Nous avons repris les grandes lignes des programmes des principaux partis d’extrême droite pour comprendre quelles sont les thématiques sur lesquelles ils comptent faire bouger les lignes à Bruxelles, mais aussi ce qui les divise.

L’immigration, thème fondateur

Sans surprise, l’extrême droite européenne a pour priorité de renforcer les frontières extérieures de l’Union européenne (UE) pour barrer la route aux migrants. Les eurodéputés de ces formations se sont d’ailleurs abstenus ou ont voté, en avril, contre le pacte migratoire qu’ils considéraient comme trop laxiste.

A l’initiative des pays où l’extrême droite est au pouvoir, l’Europe se barricade toujours plus : le Hongrois Viktor Orban a fait ériger, face à la Serbie, une double clôture de 175 kilomètres de long. En Méditerranée, l’Italie fait tout pour restreindre les activités des associations de sauvetage en multipliant les procédures judiciaires et en leur refusant de débarquer, séquestrant les migrants en pleine mer. Ils soutiennent, à l’unisson des autres partis d’extrême droite, la nécessité pour Frontex de se recentrer sur sa mission d’agence de protection des frontières de l’Europe plutôt que d’aide aux migrants.

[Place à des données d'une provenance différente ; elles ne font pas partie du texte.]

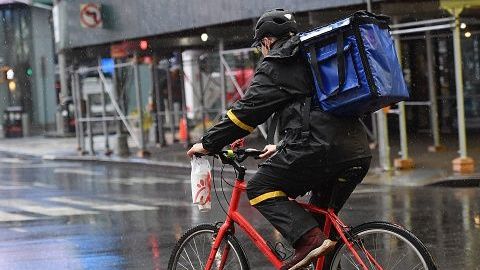 Las empresas de reparto de alimentos introducen la entrega sin contacto ante el COVID-19.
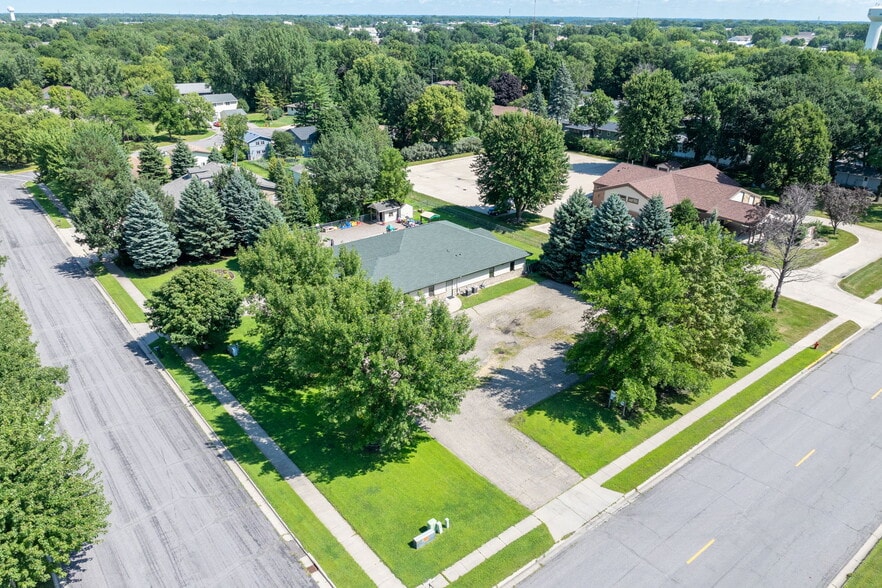 More Photos Of 1500 Edgewood Blvd, North Mankato Schools For Sale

Les formations d’extrême droite de plusieurs Etats membres souhaitent également fermer les frontières intérieures durablement, ce qu’interdisent les accords de libre circulation de Schengen. Il est toutefois possible d’y déroger temporairement : au début de 2024, près de la moitié des pays de l’UE avaient rétabli des contrôles, invoquant la menace terroriste ou la pression migratoire.

Une autre de leurs pistes pour limiter l’immigration consiste à « externaliser » les demandeurs d’asile arrivés en Europe vers des pays tiers – point sur lequel l’extrême droite a été rejointe par le programme de la droite européenne (et même par les sociaux-démocrates au Danemark). En novembre, le gouvernement de Giorgia Meloni, très engagé dans cette voie, a conclu avec l’Albanie un accord pour l’installation de deux centres de rétention de droit italien en territoire albanais. Encore plus radical, la formation d’Eric Zemmour, Reconquête !, assume être favorable à l’idée, présentée par l’idéologue d’ultradroite autrichien Martin Sellner à Alternative für Deutschland (AfD, en Allemagne) et au Freiheitliche Partei Österreichs (FPÖ, en Autriche) d’un plan de « remigration » consistant à renvoyer les citoyens « non assimilés » dans leur pays d’origine.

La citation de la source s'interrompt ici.